Summary:
Olavi K. Fält, Global war: The Baltic Sea region as a cultural meeting place during the Russo–Japanese War (1904–1905)
Today the phenomenon traditionally called war has taken on increasingly
diverse faces. It may involve quite complex cultural encounters with
many kinds of interests. It is not necessarily bound to any specific
geographic region, either, but may take place at an entirely global
level. In this article I examine what kind of global role the Baltic
Sea region had as a cultural meeting place connected to the
Russo–Japanese War. I first answer the question of how and why
Japan as the aggressor in the war became interested in the Baltic Sea
region. Then I examine the Finns’ response to this interest and
the concomitant encounter between the Finns and the Japanese and its
global dimensions.
The theoretical
starting point for this study is Robert P. Clark’s interpretation
of world history as the history of globalisation. According to the
theory of thermodynamics, globalisation – i.e. increasing
interdependence – has advanced because cultures, in order to
develop, have needed more and more new external resources to
counterbalance the continuous threat of entropy. These resources have
been obtained particularly through various networks. As networked
phenomena, cultural encounters provide good opportunities to obtain
these resources. Applied to this study, the theoretical starting point
means that Japan was searching for additional resources from the Baltic
Sea region to support its warfare. The Finns, on the other hand, with
Japan’s help, were looking for new resources with which to resist
the policy of Russification, which threatened Finland’s autonomy.
In addition to mutual cooperation, both sought to benefit, through
these cultural encounters, from global networks that supported their
own objectives.
In
Japan’s war against Russia the Baltic Sea region formed a western
front that was used to weaken Russia’s military capacity at the
main front in the east. In the final phase the goal was to cause a
revolution in Russia, exploiting networks of Russian opposition groups
and the empire’s numerous minority nationalities. The activities
in the Baltic Sea region were geographically and culturally connected
to not only East Asia, but also continental Europe, Great Britain and
through the Finns’ bid for independence, even the United States.
This was a very global field of cultural encounters indicating
interdependence that was centred in the Baltic Sea region, where each
participant seeking additional resources was strictly focused on
ensuring their own interests. A good example was Finns’

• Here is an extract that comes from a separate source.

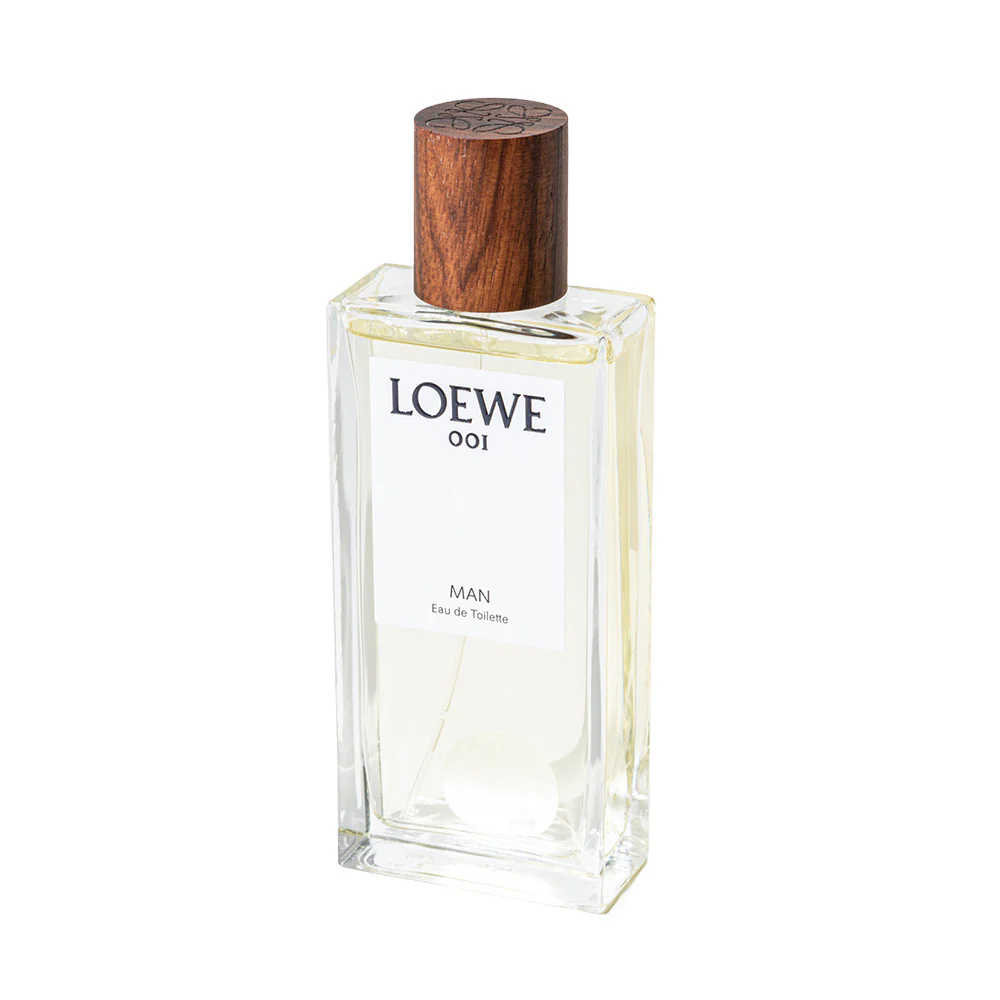 並行輸入品 ロエベ 001 マン オードトワレ 100mL 【直送品】 返品・キャンセル・他商品と同時購入は不可 - Image 3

negotiations in 1904 and 1905 regarding Finland’s possible
independence as a result of the war.
In connection
with these cultural encounters, many local and global developments and
objectives emerged and were also initiated. Some of them, such as
Finland’s and Poland’s independence, were realised later as
a result of the First World War, while others, like Russia’s
partial break-up into independent states, took place after the end of
the Cold War in the early 1990s. The Finns’ role in these events
was quite visible. They open-mindedly sought support for the
realisation of their own objectives from both the Far East and the
West, using as tools Russia’s opposition groups that represented
various nationalities. One can ask whether much has actually changed
from the Finns’ point of view even today. In many issues we still
place ourselves in the same situation as the eastern European nations
and we receive support for our position from western Europe and the
United States, not to forget our old friend Japan. When Finland’s
and Japan’s diplomatic interaction began, the cooperation during
the Russo-Japanese War was still fresh in memory in Japan, and it
should also be remembered that in Finland’s and Sweden’s
dispute over the Åland Islands in the League of Nations, Japan at
least indirectly supported Finland’s objectives.